To me, UFC represented a bit of professional wrestling. It all seemed a little too out there. Two guys wearing Speedos and going at it in an eight-sided cage felt a little too theatrical.

“If you watch it you realize very quickly there's nothing scripted about it, nothing choreographed or staged,” Couture said. “It's very real, very gritty.”

That was clear to me shortly after I located my seat and became enthralled by the undercard bouts.

Matt Lindland, the Greco Roman wrestling silver medalist from the 2000 Olympics, summed up his middleweight victory over jujitsu practitioner Travis Lutter: “He was tying me up and made it hard to hit him. So I decided to choke him instead.”


It sure felt like Lindland's hand was around my trachea during the next match, but it merely was my heart in my throat.

In the opening seconds, welterweight champ Matt Hughes was moments away from losing to Frank Trigg. The referee didn't see Trigg had kneed Hughes in the nether region. As Hughes grabbed his manhood and spit out his mouthpiece to complain, Trigg pounced and began to waylay.

Hughes somehow gathered himself and in wonderfully dramatic fashion bear hugged Trigg around the waist, lifted him off the mat, marched him across the ring like a dummy, slammed him down and administered a rear naked choke.

Trigg tapped out.

I was agog.

Suffice to say, boxers have a rather dismal track record in mixed martial arts competitions.
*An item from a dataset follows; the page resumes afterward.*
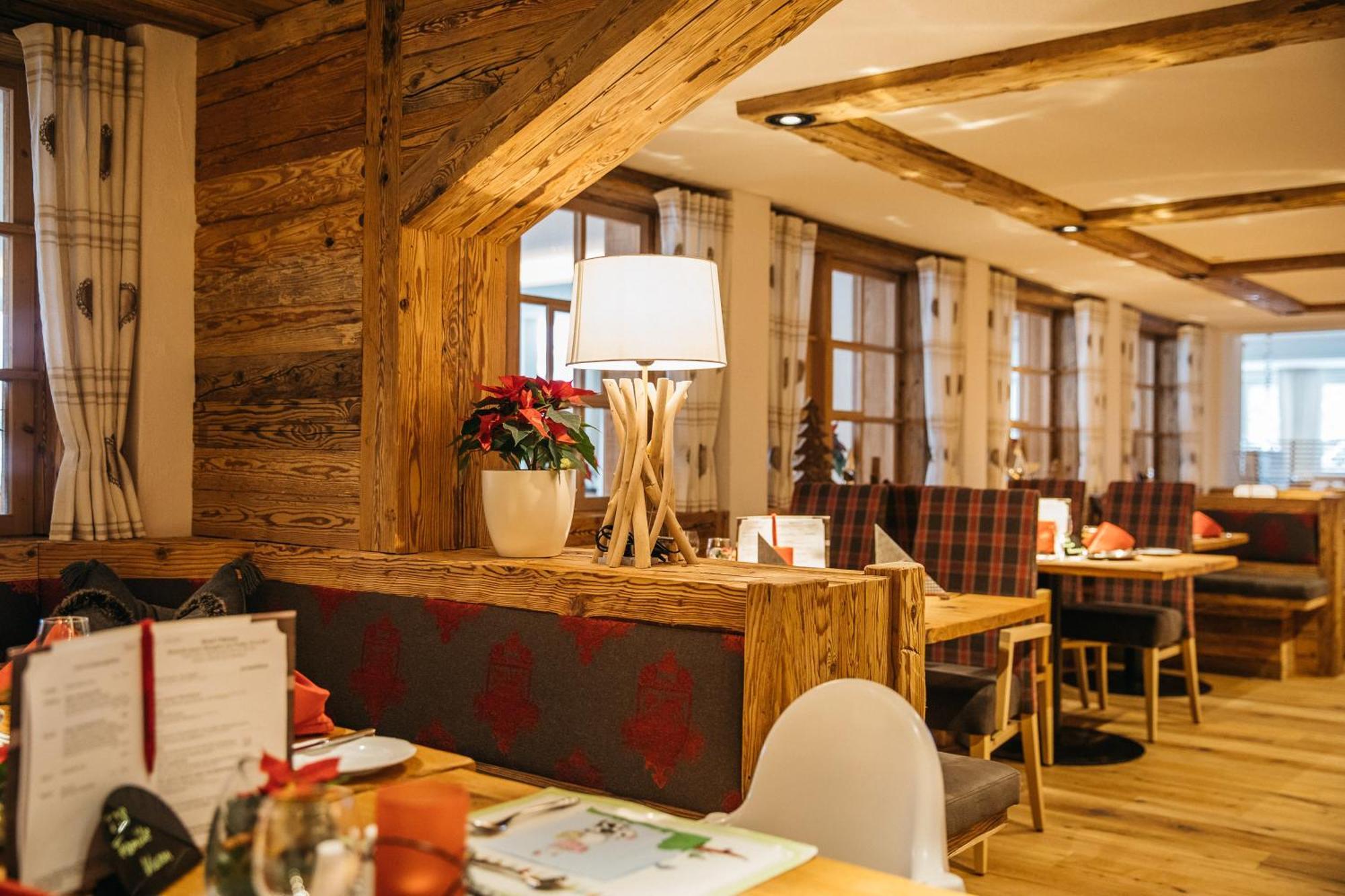 "Ferienwohnung Ess" - Annehmlichkeiten Von 4-Sterne Familien-Und Wellnesshotel Viktoria Koennen Mitbenutzt Werden Oberstdorf Exterior photo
In UFC, a boxer heading into the octagon would be like dropping a goldfish into a meat grinder. 

Since “standing and striking,” as UFCers call it, is only one element of the sport, boxers struggle.
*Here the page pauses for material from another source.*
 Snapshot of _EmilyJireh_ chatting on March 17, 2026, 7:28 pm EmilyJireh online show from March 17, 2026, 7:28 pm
“From their perspective it looks easy,” Couture said. “They think about their skill set and say 'I'll just knock this guy out before he puts me on the ground.' A lot of times, when you face somebody who's going to shoot and take you down, you don't realize how difficult that is to stop somebody from doing it.”

UFC continues to grow and will get even bigger as it gains more widespread acceptance across the country. It's sanctioned in Florida, Louisiana, Nevada and New Jersey and at the Mohegan Sun in Connecticut. It's close to being sanctioned in California.

And for frustrated boxing fans there's plenty to like about UFC's business model. There are only five weight classes, and the whole operation is under one roof. That means the best will fight each other. There are no promoter shenanigans, no ratings politics, no inflated records. Even the greatest fighters have multiple losses. Couture has seven. Liddell has three. Hughes has four.

“Nobody fights bums or dogs in the UFC,” Taylor said.

Amen to that.

                                                          * * *

BURNING QUESTIONS: Am I the only one who thinks Julio Cesar Chavez Jr. looks like a frightened 5-year-old who has just been dropped off for his first day of kindergarten?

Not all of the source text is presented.